Serverless Vector Search with txtai

Build a serverless txtai instance with Kubernetes and Knative

David Mezzetti
NeuML

--

Photo by José Ramos on Unsplash

Serverless application development is a popular way for developers to skip over the complexity of servers and focus on delivering products to their users. All the popular cloud providers offer a form of function as a service (FaaS). Examples include AWS Lambda, Google Cloud Functions and Azure Functions. Pricing is based on execution time and memory consumed. There is significant savings to be had for low to medium frequency functions.

txtai is an open-source platform for semantic search and workflows powered by language models. txtai supports building YAML-configured applications with a “build once, run anywhere” paradigm.

A number of articles cover txtai and are referenced below.

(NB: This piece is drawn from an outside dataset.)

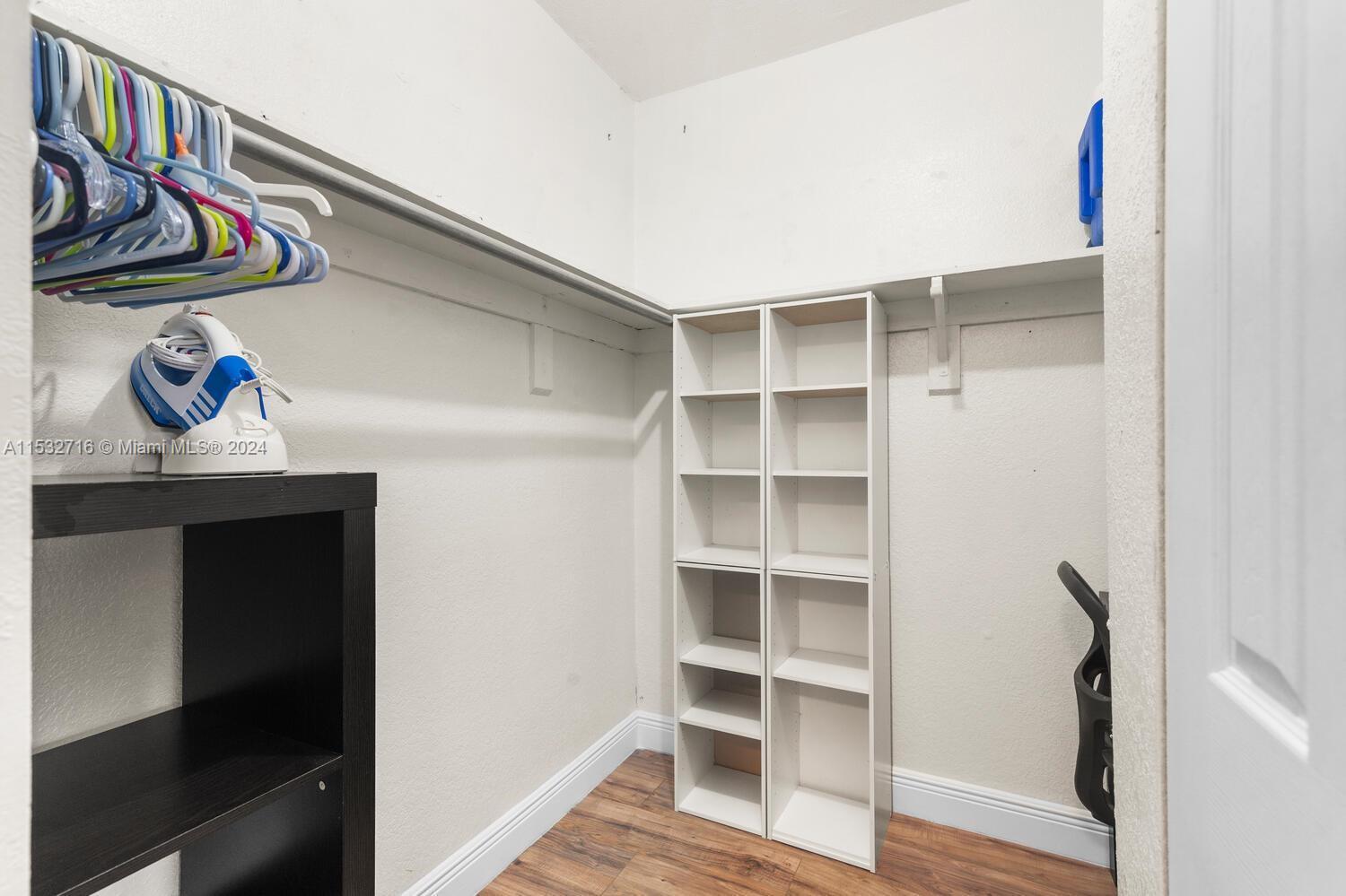 1455 N Treasure Dr 4E, North Bay Village, Florida 33141, 1 Bedroom Bedrooms, ,1 BathroomBathrooms,Residentiallease,For Rent,1455 N Treasure Dr 4E,A11532716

This article will setup a txtai vector search instance (also known semantic/similarity/neural search) on a Kubernetes-based environment with Knative. This approach is cloud-agnostic, enabling a serverless approach for any cloud provider. Kubernetes also supports GPU instances, needed to achieve the fastest machine model inference times.

Note: For those interested in a AWS Lambda based example, check out this documentation.

Install Kubernetes

The first step is installing a local Kubernetes cluster. There are a number of options available, including kind, minikube, MicroK8s and K3s. This article uses kind but others could be swapped in. If there is already a Kubernetes cluster available, this step can be skipped.

The kind documentation is great, follow the instructions here. If everything worked, the following should return a version similar to below.

$ kind version
kind v0.11.1 go1.16.4 linux/amd64

Install Knative

Next, we’ll install Knative. Per Knative’s website:

Knative is an Open-Source Enterprise-level solution to build Serverless and Event Driven Applications

Basically, Knative makes building serverless applications on Kubernetes easier.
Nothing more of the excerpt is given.